Je considère comme le moyen le plus sûr d’assurer la conservation de ces cheveux leur remise au musée national d’Auschwitz, ce qui garantira leur conservation dans l’état dans lequel ils se trouvent actuellement et permettra pendant longtemps de s’en servir, si besoin est, comme preuve matérielle [contre les accusés].

Je me suis entendu à ce sujet avec M. Wasowicz, directeur du musée, qui s’est déclaré prêt d’en assurer, par ses propres moyens, le transport de Kietrz à Auschwitz pour les garder, d’une part, comme objets d’exposition, et, de l’autre, comme éléments de preuves susceptibles de servir à l’ avenir.

 

Et c’est ainsi, pensera le touriste d’Auschwitz, que la magnifique tresse blonde qui trône au milieu du tas de cheveux qu’on lui présente aujourd’hui comme ayant appartenu à des femmes «gazées» peut très bien avoir appartenu à une Silésienne allemande qui aurait sacrifié sa chevelure à l’effort de guerre allemand.
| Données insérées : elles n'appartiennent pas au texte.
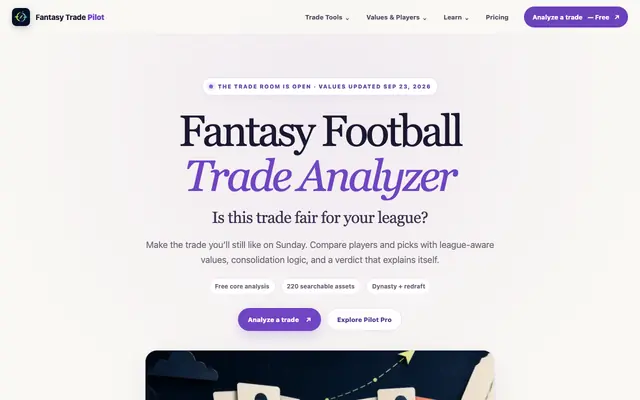 Screenshot of Fantasy Football Trade Analyzer — Free & Fair | Fantasy Trade Pilot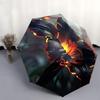 Automatic Open/Close Umbrella with Glowing Black Flower Design - 8-Rib Windproof Canopy, Automatic Folding Mechanism, Compact
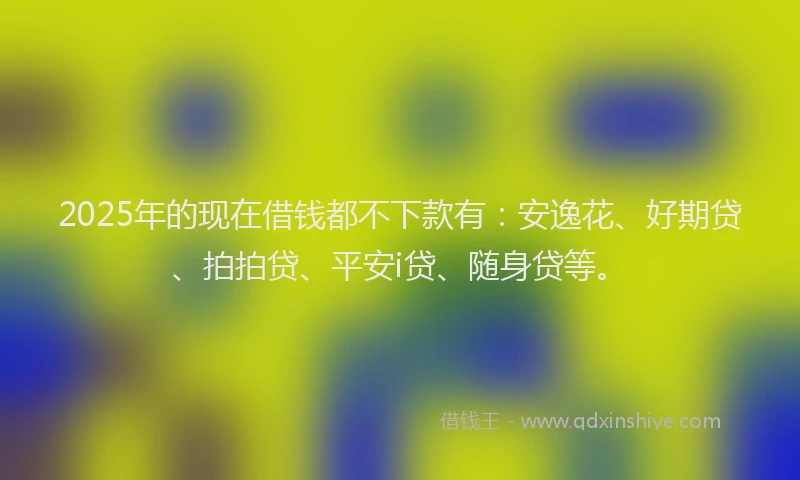 2025年的现在借钱都不下款有：安逸花、好期贷、拍拍贷、平安i贷、随身贷等。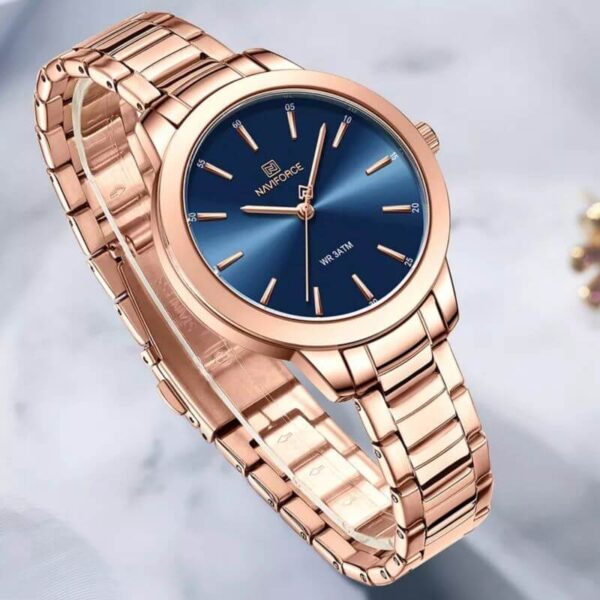 NaviForce NF5025 Women's Simplicity Casual Stainless Steel Quartz Watch - RoseGold/Blue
De toute façon, ces étalages muséographiques de cheveux, de lunettes, de blaireaux, de chaussures, de béquilles n’ont pas grand sens. Dans toute l’Europe en guerre, chez tous les coiffeurs, on faisait de la récupération de cheveux. On « récupérait » d’ailleurs et on rassemblait dans toutes sortes de dépôts toutes sortes de matériaux ou d’objets. Dans les usines, dans les prisons, dans les camps de travail ou de concentration, on utilisait une main-d’œuvre considérable pour le traitement ou le retraitement de ce qu’on avait récupéré. Certains camps de concentration contenaient de véritables usines de fabrication de chaussures ou de vêtements. Aujourd’hui, le touriste abusé se voit présenter tous ces objets comme autant de preuves de la barbarie allemande. Il est sûr que certains de ces objets ont pu appartenir à des internés dépouillés après leur mort. Mais il en allait de même pour les dépouilles des populations civiles allemandes recueillies, après chaque bombardement, par des équipes d’internés conduites sur les lieux à déblayer. Il en allait de même pour les dépouilles des soldats allemands concentrés dans des dépôts militaires.

L’Allemagne était engagée dans un formidable conflit et subissait un blocus presque total. On essayait de gâcher le moins possible et de récupérer le plus possible.

Mais le touriste est si facile à tromper. Pourquoi ne pas en profiter ? C’est un rêveur. Nourrissons ses rêves, n’est-ce pas, surtout s’ils sont malsains. D’Auschwitz, qui fut un lieu de souffrances et de drames, les communistes polonais ont fait une sorte de Disneyland.